BATTLE lines in store wars raging across a medieval market town of Hadleigh are being drawn after a year long truce.Tesco Stores Ltd has announced that it has submitted technical reports to Babergh District Council in the hope of getting the Brett Works industrial estate behind the High Street allocated for a food store in the emerging Local Plan.

BATTLE lines in store wars raging across a medieval market town of Hadleigh are being drawn after a year long truce.

Tesco Stores Ltd has announced that it has submitted technical reports to Babergh District Council in the hope of getting the Brett Works industrial estate behind the High Street allocated for a food store in the emerging Local Plan.

However a spokesman stressed that the reports covered full retail, traffic, ecology and hydrology surveys and were not a formal planning application.

Corporate affairs manager Richard Petrie said: "Hadleigh needs a new food store to reduce the current trade leakage and we believe this is the only suitable site in the town.

"The store development will create new jobs, offer greater consumer choice, especially benefiting those without a car and enhance the vitality and viability of the town centre."

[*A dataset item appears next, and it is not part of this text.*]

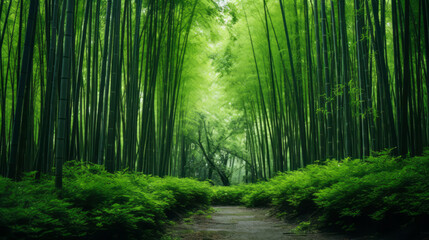 Fototapeta premium Beautiful bamboo forest at spring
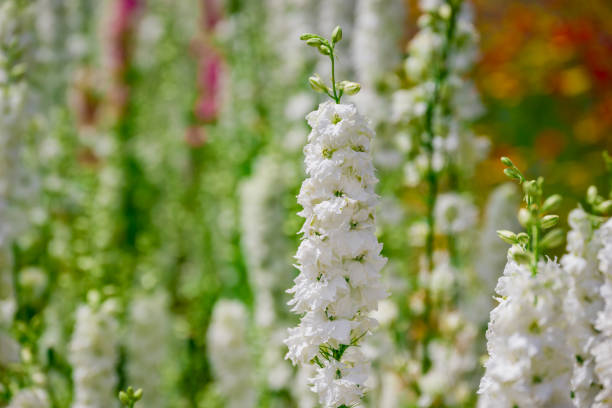 White Delphinium Flower Seeds - Heirloom Non GMO High Germination Flower Seeds for Planting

He said the company was committed to developing the Brett Works site and hoped that by lodging the technical reports Babergh would realise the benefits of a food store there and would allocate the land in the local plan, which is currently under review.

The public phase of the review process is expected to begin in September 2003 and Tesco is expected to send representatives to argue its case then.

Meanwhile Buyright, which has a discount store in nearby Calais Street, has sent a document and plan for a 2,628 square metre store on its land to Babergh District Council and is also hoping to discuss its draft proposals with the town council towards the end of November.

The company has declined to comment on its proposals, which are not a formal planning application.

The Co-operative already has planning permission to extend its store in the centre of the High Street and assistant general manager Bill Knowles confirmed that a full set of details was currently being drawn up to put out the job for tender.

He said: "We're planning to start practical work on the ground in the New Year."

The uncertainty over the possibility of a supermarket being built in Hadleigh began in 1999, when Tesco first applied for planning permission for the Brett Works site, which was turned down.

Controversy had divided the town for almost 18 months before a planning inquiry was held in 2001, after Tesco appealed against the decision.

Those opposed to the store feared the effects of increased traffic on the town's High Street, which is one of the largest conservation areas in the country.